Attempt to handle errors from /dev/console in beah: http://gerrit.beaker-project.org/4304 (but note that this is still just a best-effort attempt in case of transient errors, if /dev/console is broken beah will still proceed but logs will be lost) On systemd distros, make systemd write to /dev/console for us: http://gerrit.beaker-project.org/4305 (although this doesn't actually help to simplify matters much since we need to keep all beah's logging infrastructure for non-systemd distros) In rhts, avoid writing to /dev/console: http://gerrit.beaker-project.org/4306 This is a behaviour change, but I think overall a positive one since it reduces the amount of different spew on the console (that message will go to syslog/journal, and also to stderr which is captured by beah). It also means we don't need to make all the rhts-* scripts deal with errors when writing to /dev/console.
And lastly, make Beaker only set CONSOLE_LOG=Console for non-systemd distros: http://gerrit.beaker-project.org/4302 This is just a tidy-up, since the CONSOLE_LOG option will be overridden anyway with the beah patch above.
On RHEL5 (and earlier I guess) when rhts-compat is enabled, which is the default, all tasks will break because rhts-compat runs with stdout hooked up to the console and many, many different scripts inside rhts-compat write to stdout. It seems that at some point (I can't figure out exactly where) a script dies without actually executing the task. So these patches do not fix the case of RHEL5, with broken console, and rhts-compat enabled.
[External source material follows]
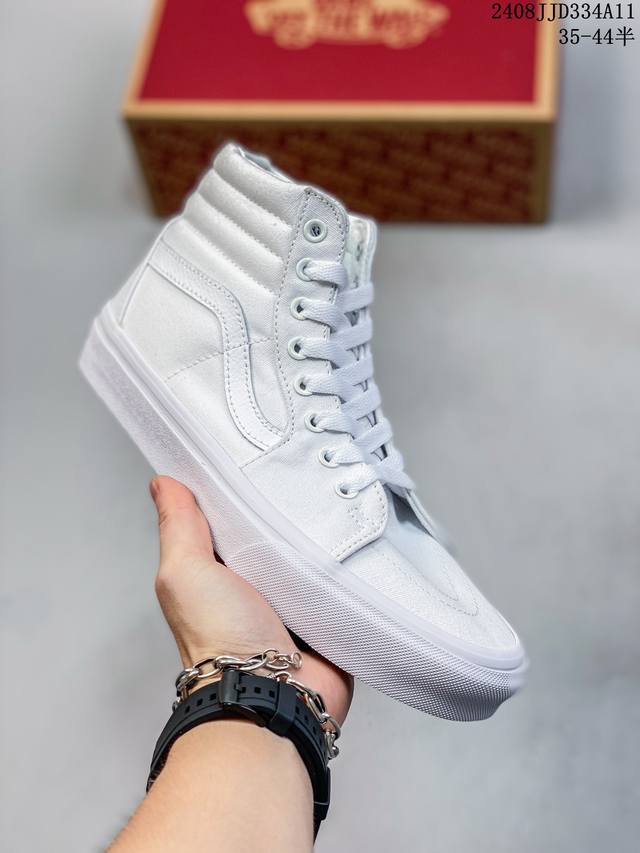 vans Sk8-Hi True White Leather 纯白高帮休闲硫化帆布鞋 vans Sk8诞生于1978年它是vans首个采用sidestripe侧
But it doesn't seem worthwhile trying to fix that at this point.
Verification strategy: # Recipe on RHEL5, rhts-compat disabled # Recipe on RHEL5 with bad console, rhts-compat disabled # Recipe on RHEL6 # Recipe on RHEL7 # Recipe on RHEL7 with bad console Each recipe has /distribution/install plus some /distribution/dummy tasks to give the harness some work to do. Expected results: For recipes with bad console, console.log will be empty after installation finishes and the system reboots. However the recipe will run normally with no failures. Some "Input/output error" tracebacks may appear in debug/task_beah_unexpected as beah fails to log to the console. For recipes with normal console, console.log will show the beah/rhts log messages as tasks are executed. On RHEL7 all beah/rhts messages will also be accessible from the systemd journal (journalctl -u beah-srv) regardless of whether the console is working or not.
Beaker 21.0 has been released.